Source: Dyer, Standards of Living, p. 70.

Then there was household expenditure on heating, candles, furniture, gardening, and so on. When a person overspent on one category he naturally saved on another. On the whole, food, clothing, and household expenses usually involved a good 60 to 80 percent of the expenditure on current consumption of the rich and the well-to-do.

The combination of pronounced inequality of income distribution and a low level of real wages favored the demand for domestic services. This demand was highly elastic in relation to income as the number of servants was a symbol of opulence. Even at the end of the eighteenth century, a girl like Mary Berry, who belonged to a well-off but not very rich English family, in planning with her fiancé the balance sheet of their future household, came to the conclusion that provision had to be made to cover “the wages of four women servants – a housekeeper, a cook under her, a housemaid and a lady’s maid – three men servants and the coachman.”60

As we shall see later, the number of servants in relation to population was very high and, of course, domestics were concentrated in the houses of the rich and the well-to-do (see Table 2.9). Nevertheless, given the low average level of wages, servants’ pay did not generally represent more than 1 to 2 percent of the consumption expenditure of moneyed families, although in exceptional cases it could reach 10 percent. One should add, however, that the money wages actually paid to servants did not represent the total effective expenditure on them. In order to evaluate this expenditure, one should take into account the costs of food, lodging, heating, and other items provided for servants by their employers. Toward the end of the seventeenth century, the very wealthy Cornelis de Jonge van Ellemeet of Amsterdam spent about forty florins a year to clothe each one of his ten servants. In addition Van Ellemeet spent on each servant about seventeen florins for meat, eighteen florins for butter, and unspecified amounts for drinks, heating, accommodation, and other facilities. The average individual wage of the servants was some seventy florins a year.61 Clearly wages represented only a minor part of expenditure on servants. The situation was not appreciably different in the homes of the less wealthy. If the maid of the Florentine craftsman Bartolomeo Masi was able to save fourteen florins in five years, it was because her food, accommodation, and probably some clothing were provided by her employer’s family.

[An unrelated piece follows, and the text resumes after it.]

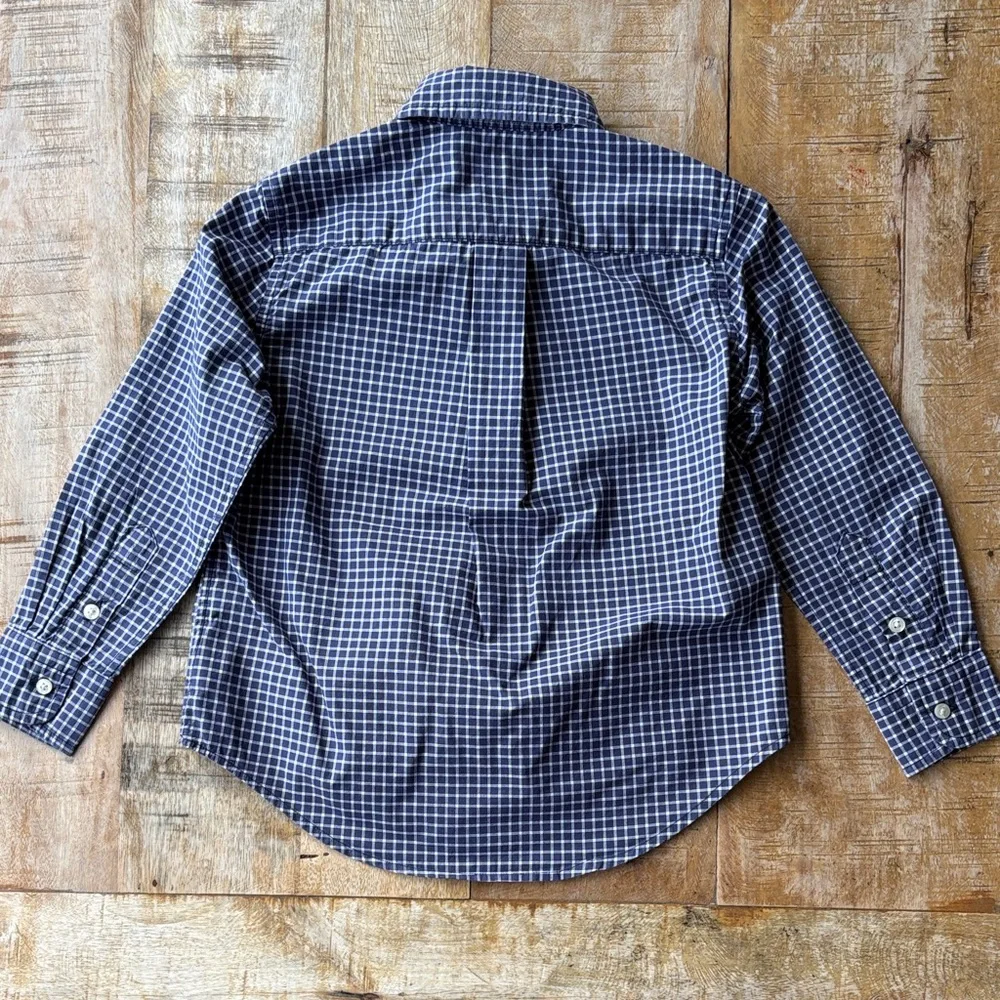 Ralph Lauren Boys Navy Plaid Shirt 4t - Picture 6 of 6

It would be a serious mistake to believe that the demand for services by the wealthy classes was limited to the demand for domestic servants. The variety of service personnel in demand included lawyers and notaries; teachers for children; persons performing religious ministrations; various workers and artists who maintained and embellished the living quarters; in the case of the nobility, various types of entertainers, such as musicians, poets, dwarfs and jesters, falconers, and stable boys; and last, but not least, doctors, in connection with which, early in the eighteenth century, the famous physician, Dr Bernardino Ramazzini, commented,

If the laborer does not recover rapidly he returns to the workshop still ailing and he neglects the doctor’s prescriptions, if they stretch over a long period. Certain things can only be done for the rich who can afford to be ill.62

The consumption of the wealthy, even when it had overtones of extravagance, never showed much variety. The economic system and the state of the arts did not offer the consumer the great variety of products and services which characterize industrial societies. Food, clothing, and housing were by far the major items of expenditure of the rich. The difference between the rich and the poor was that the rich spent extravagantly on all three items, while the poor often did not have enough to buy food. Moreover, the mass of the populace had no opportunity to save, while the rich, although indulging in conspicuous consumption, did.

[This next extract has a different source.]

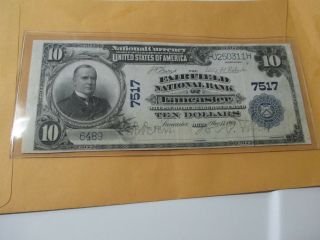 1902 $10 The Fairfield National Bank Of Lancaster,  Ohio (note)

Not all income received is necessarily spent on consumer goods and services. Income not spent on such goods and services is naturally saved: this self-evident proposition derives from the definition of saving. Another self-evident proposition is that neither all individuals nor all societies save to the same extent. Saving is a function of

a. psychological and sociocultural factors

b. the level of income

c. income distribution

There is no need to expend many words to illustrate point (a). It is obvious that some individuals are more inclined to spend while others are more inclined to save. It is worth mentioning, however, that on a macroeconomic level, sociocultural factors powerfully influence people’s propensity to consume or, conversely, to save. Even in the absence of organized publicity, factors such as fashion, emulation, ostentation, or the prevailing conditions of security or insecurity affect the amount of current income spent on consumption. About point (b) it is obvious that when income is high there are possibilities of saving that do not exist when income is low. This is true for individuals as well as for societies. In the long run the relationship between income and consumption is not as stable as in the short run: changes in institutions, morals, and fashions greatly affect the so-called “consumption function.” Still, again in the long run, it remains true that the lower the income, the slighter the possibility for saving – and vice versa.

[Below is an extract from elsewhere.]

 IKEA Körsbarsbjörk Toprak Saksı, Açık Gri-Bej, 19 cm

In Turin in 1630, when because of the plague all the people were quarantined within their houses, the Town Council noted that the bulk of the workers “lived from day to day,”63 that is, they had no savings to fall back on and therefore, when restricted to their houses, had to be subsidized by the city. As we have repeatedly pointed out, however, even among the lower orders there were gradations of poverty, and if there were those who “lived from day to day,” there were also those who, by tightening their belts and limiting their wants, managed to set aside a few coins.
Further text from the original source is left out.